Ah the sister. She was my mother’s younger sister and had died tragically in a boating accident. They said I was the spitting image of her. I always forgot about her because she was never mentioned. It was weird really. My dad had insisted they honour her when I was born, but my mother had resisted. So instead of Ariella, I was named Arielle but would be known as Elle. No wonder my mother hated me.
“I partied the night she died you know. I was so pleased to be finally rid of her,” my mother continued. I was appalled. Whodidthat? Who admitted it to anyone, even themselves?
My mother looked away from me. She looked almost happy as she reminisced about what had to have been one of the most tragic nights of my Grandparents’ lives. “Your father loved her, you know, not that he ever told her...or me. But I knew. I could tell by how he looked at her. I knew she was starting to realise it too. The night she died, I went to him and I comforted him. It pleased me to know I was getting what she would never have.” She laughed. I couldn’t move. I felt glued to the floor, my eyes were wide and I knew I was shaking. Those hate filled eyes were trained on me again; I flinched at the loathing in them.

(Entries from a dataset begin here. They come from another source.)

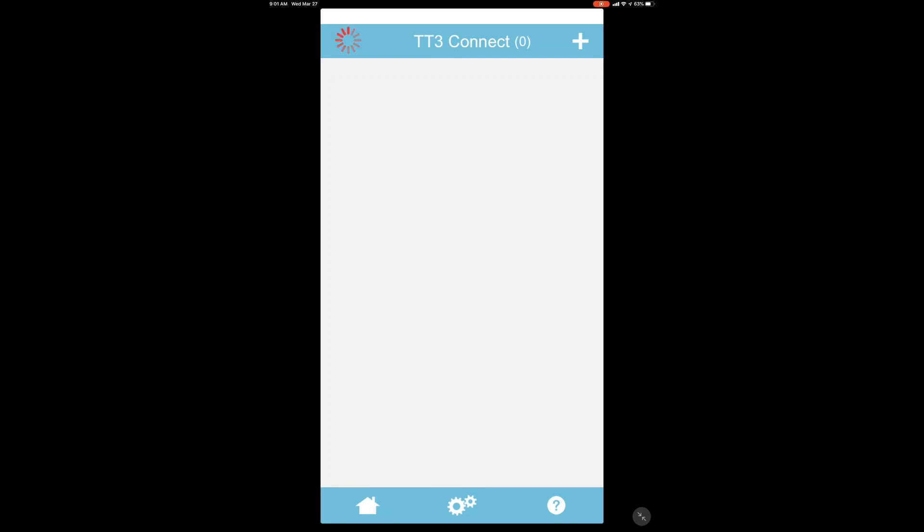Back on the app, hit the refresh at the top left of the screen, and the app will scan and display the fixture that you just added to the network.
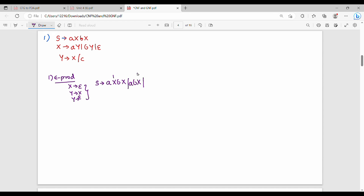For S gives A X B X: we handle epsilon by writing the production with and without each nullable variable. So we get: A X B X, A B X, A X B, A B. For X gives A Y: with and without Y we get A Y and A. For B Y: B Y and B. For Y gives X: since X gives epsilon, Y also gives epsilon. This completes epsilon production removal.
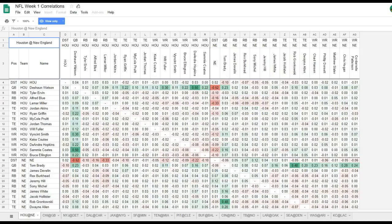What's up everybody, Kevin here. I am known as the Fantasy Football Geek, founder and CEO of DFS Army, and I'm here to talk about and show you our latest tool for the 2018 NFL fantasy football season: the DFS Army Correlation Matrix.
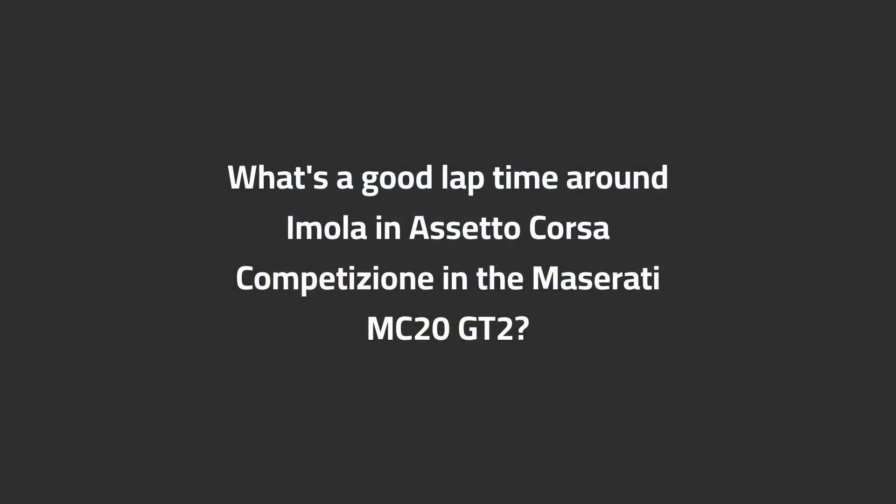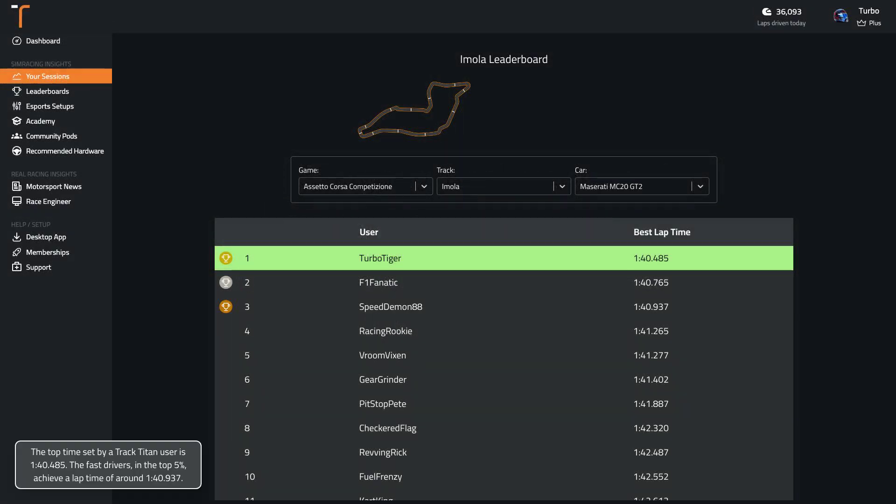What's a good lap time around Imola in ACC in the Maserati MC20 GT2? The top time set by a Track Titan user is 1:40.5. The fast drivers in the top 5% achieve a lap time of around 1:40.9.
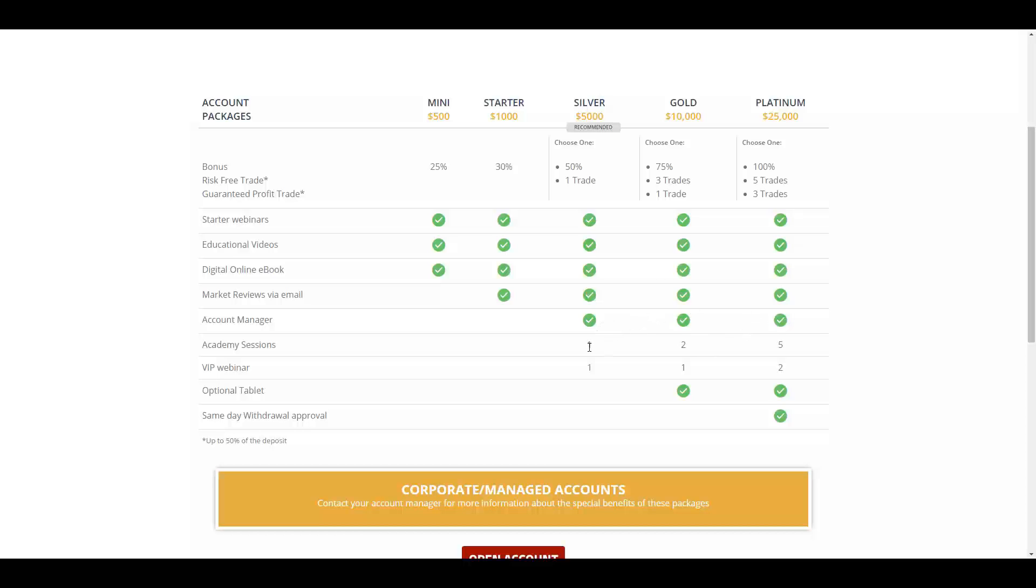One academy session in silver account, two academy sessions in gold account, and five academy sessions in the platinum account. One VIP webinar in silver account as well as in the gold account, and two VIP webinars in the platinum account. In both gold and platinum accounts you will have access to optional tablets. In the platinum account you will have the perk of same-day withdrawal approval.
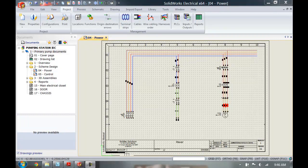Hi everyone, my name is Christian from Solitech Solutions and in this week's video I'm going to show you how to control all the different user data inside SOLIDWORKS Electrical.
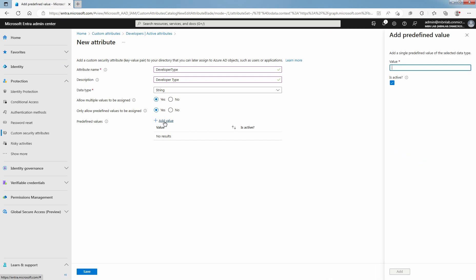An active value is available for assignment to objects. A value that is not active is defined but not yet available for assignment. Type a value for this predefined value. Once you define a value, click on Add.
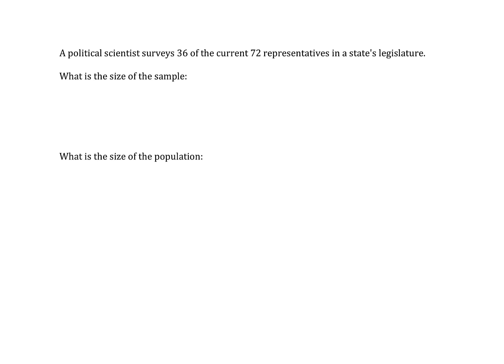A political scientist surveys 36 of the current 72 representatives in a state's legislature. What is the size of the sample? What is the size of the population?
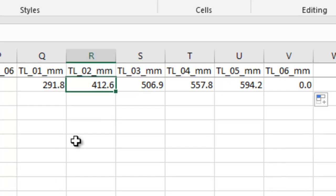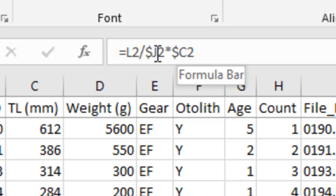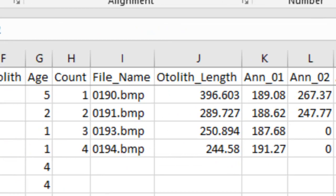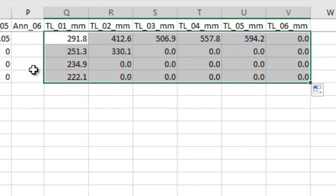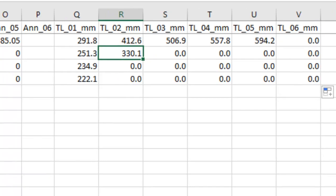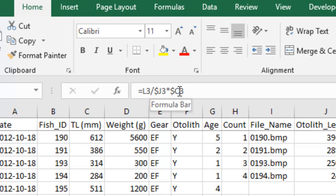Note that I don't put a dollar sign in front of the row number — we don't want to lock to the row because each row is a different fish. We just want to lock to those columns. So now if I copy this formula down, it updates correctly for every fish. If I look at H2 for another fish, it looks in the correct row but still references the proper columns for each calculation.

“Nine months later you were born. Even in death that bitch was messing up my life. I had to marry that pathetic excuse for a man and then I was stuck with a kid that looked like her and that he loved more than me. He only loves you because you look so much like her.”
I was frozen to the spot – her loathing for me rooting me to the kitchen floor like nothing ever had.
“Now I’m stuck here in this pathetic house with a pathetic man and an even more pathetic daughter. I wish I could die.” She reached for the bottle of whisky again. I loathed this person. Thisthing. Person was too good for her. I hated her.
“I wish you would do it, I wish you would just leave,” I said as I watched her nearly drain the bottle like it was water. I felt nothing as I said it out loud. I didn’t even react as she gasped. She hadn’t expected that. Hadn’t expected me to hate her too.
“I’m going to kill myself and it will be your fault,” she screeched, clambering to her feet and launching herself at me. I sidestepped. Colton would have been proud of how detached I was – how smoothly I had done it. She fell flat on her face. I almost laughed. I felt it bubbling under the surface and I stood there thinking.They both broke me, I’m broken.
She tried to get up, cutting her hand on the broken plates. I didn’t move. Again, she tried to force her way up, again she slipped and cut her arms on the plates and glass strewn on the floor. I didn’t move. She managed to roll over. She was bleeding, but I knew it wasn’t serious, just superficial cuts. It was the same as every other time this happened, even if this was the worst I’d ever seen her. She was the pathetic one, not me.
I finally reached down for her and although she fought me, I got her off the floor and back to the table. I went to take the bottle away and she snatched it from me. Then I felt a blow. As I fell sideways, I knew she had hit me on the head with it. I landed hard – and felt sharp cuts. I got to my feet. She was sitting back, almost lounging, hatred dancing in her eyes, the bottle dangling from her fingers.
“I hate you.” There. I had said it. I couldn’t take it back. She was drunk, but I knew she would never forget I had said it. I didn’t care. My head was pounding; I needed to get away from here.
I turned to walk away. I was so tired – I needed to go to my room, call my dad and plead that we finally leave this hell behind.